### About this task
Go to the line that contains "Бра Пирамида №3" and extract it along with every line after it, exactly, through the end of the data below.

[Records from a data source]
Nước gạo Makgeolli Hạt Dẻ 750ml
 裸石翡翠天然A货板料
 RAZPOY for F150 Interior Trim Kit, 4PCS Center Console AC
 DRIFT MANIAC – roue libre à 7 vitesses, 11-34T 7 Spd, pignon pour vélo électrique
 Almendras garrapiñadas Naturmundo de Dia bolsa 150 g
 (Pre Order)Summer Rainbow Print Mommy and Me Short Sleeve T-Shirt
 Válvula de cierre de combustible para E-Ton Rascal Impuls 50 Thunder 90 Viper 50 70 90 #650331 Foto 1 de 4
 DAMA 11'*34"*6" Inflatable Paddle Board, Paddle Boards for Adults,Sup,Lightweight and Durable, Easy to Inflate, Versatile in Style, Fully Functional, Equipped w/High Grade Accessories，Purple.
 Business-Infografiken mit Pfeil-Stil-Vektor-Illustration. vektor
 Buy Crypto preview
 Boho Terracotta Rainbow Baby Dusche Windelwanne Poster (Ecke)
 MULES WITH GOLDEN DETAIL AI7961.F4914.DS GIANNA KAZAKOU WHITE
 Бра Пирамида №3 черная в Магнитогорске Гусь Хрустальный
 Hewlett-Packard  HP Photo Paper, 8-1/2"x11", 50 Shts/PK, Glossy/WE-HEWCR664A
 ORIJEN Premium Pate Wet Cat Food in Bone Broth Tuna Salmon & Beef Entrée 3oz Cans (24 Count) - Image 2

### Exercise answer
 Бра Пирамида №3 черная в Магнитогорске Гусь Хрустальный
 Hewlett-Packard  HP Photo Paper, 8-1/2"x11", 50 Shts/PK, Glossy/WE-HEWCR664A
 ORIJEN Premium Pate Wet Cat Food in Bone Broth Tuna Salmon & Beef Entrée 3oz Cans (24 Count) - Image 2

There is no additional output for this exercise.